The biggest ATA drives I see on the market today are 200GB. Most 1U systems won't hold more than two of these. That's nowhere near 1TB!
Dell 1U have three drive bays. Whether it's 200 GB, or 300 GByte or TByte apiece (such drives exist) or how many U they occupy it doesn't matter, as this is an order of magnitude estimate.
Also you're forgetting about doing backups; and I don't know about you,
I would not do backups for raw signint data. (If I would have to do backups I'd use RAID at disk or mirrored servers). I would do backups for targeted and destilled data, which is a tiny fraction of the entire sea of nodes.
but I get a fuckload more email than 1K/day. Granted, averaged out over
The point is not how much you're getting (personal mail, mailing lists are redundant, so is spam -- NSA could offer the best spam filtering sources ever), the point how much people are _writing_. On the average.
the entire population of the earth - what over 99% of don't even have email, it may well be 1k/day/person.

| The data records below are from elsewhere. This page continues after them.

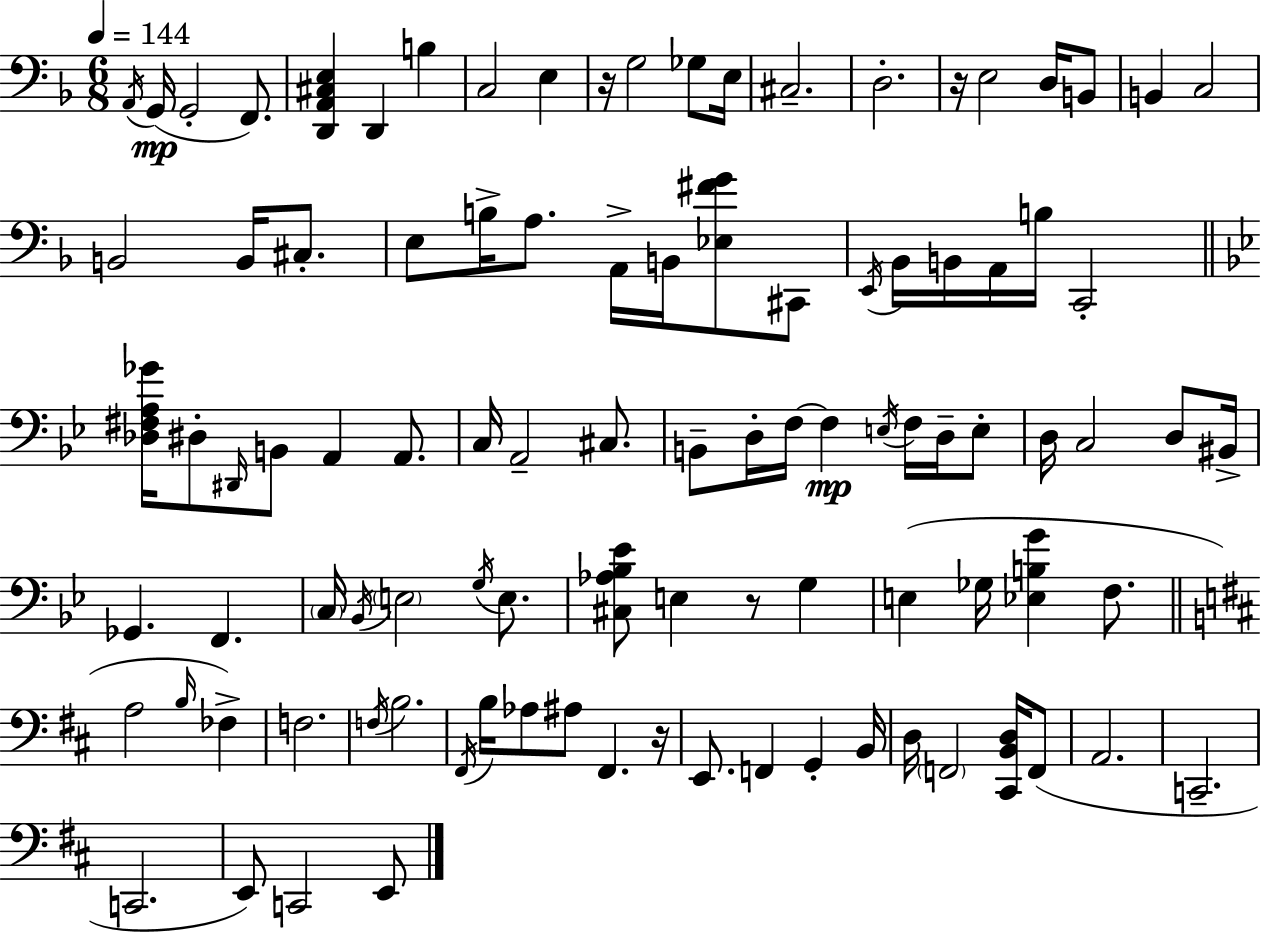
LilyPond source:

{
  \clef bass
  \numericTimeSignature
  \time 6/8
  \key d \minor
  \tempo 4 = 144
  \acciaccatura { a,16 }(\mp g,16 g,2-. f,8.) | <d, a, cis e>4 d,4 b4 | c2 e4 | r16 g2 ges8 | \break e16 cis2.-- | d2.-. | r16 e2 d16 b,8 | b,4 c2 | \break b,2 b,16 cis8.-. | e8 b16-> a8. a,16-> b,16 <ees fis' g'>8 cis,8 | \acciaccatura { e,16 } bes,16 b,16 a,16 b16 c,2-. | \bar "||" \break \key bes \major <des fis a ges'>16 dis8-. \grace { dis,16 } b,8 a,4 a,8. | c16 a,2-- cis8. | b,8-- d16-. f16~~ f4\mp \acciaccatura { e16 } f16 d16-- | e8-. d16 c2 d8 | \break bis,16-> ges,4. f,4. | \parenthesize c16 \acciaccatura { bes,16 } \parenthesize e2 | \acciaccatura { g16 } e8. <cis aes bes ees'>8 e4 r8 | g4 e4( ges16 <ees b g'>4 | \break f8. \bar "||" \break \key b \minor a2 \grace { b16 }) fes4-> | f2. | \acciaccatura { f16 } b2. | \acciaccatura { fis,16 } b16 aes8 ais8 fis,4. | \break r16 e,8. f,4 g,4-. | b,16 d16 \parenthesize f,2 | <cis, b, d>16 f,8( a,2. | c,2.-- | \break c,2. | e,8) c,2 | e,8 \bar "|."
}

Further, you'd want more than one GigE port on these machines just so as to deal with the traffic.
Off-shelf Dells come with twin GBit Ethernet ports. You can throw in other interconnects which scale better. The traffic is not that high, if you remember that you can hold entire's day email traffic in your hand.
And you'll need lots of cage monkeys to run around replacing failed disks. Do the math if the MTBF of one disk is 10,000 hours, what is the MTBF of say 2 spindles (disks) per machines multiplied by 10000 machines? One failure every 5 hours? Hell, that's even assuming MTBF is that high!
How much cage monkeys do you need to deal with a hardware failures in a 10 kNode installation which happens a few time in a workday? One. Two, if you want to deal with the failure immediately. You should look at personnel requirements and failure rate for COTS clusters in academic environments.
Have you see: http://www17.tomshardware.com/column/200210141/index.html ?
You're probably also discounting the sheer amount of bandwidth required to copy all that data, route it to each of those thousands of 1U nodes, and
Email and fax and telex are easy. Voice might be tight. Dunno about videoteleconferencing, not many people are doing it yet.
then analyze it near real time and provide the ability to search through the results. Oh, You'd need several such centers since the worlds data flows aren't centralized.
The system I mentioned was an illustration that you can process entire world's traffic in a single, not very large hall. On a very unremarkable budget. Yes, you can centralize the world's traffic (a TBit/s fiber link can feed one kilonode), but you don't have to. You can just switch the individual clusters into a grid with dedicated fiber lines, and treat it like a whole. It's just a database, after all.
I wonder what the specs are for those nice Echelon centers already in existence.... Likely they're very different from what you propose.
I have no idea what the specs are. All I'm saying that it can be done, now. The capabilities grow a lot faster than the number of subjects to survey, though threshold countries coming online (see DSL numbers for Chinese users) will result in a sudden surge of growth. After the world has saturated new growth will only come from intermachine traffic and new forms of communication (broadband video feeds). One would hope that by then the bulk of that traffic is encrypted, making gathering data largely an exercise in futility.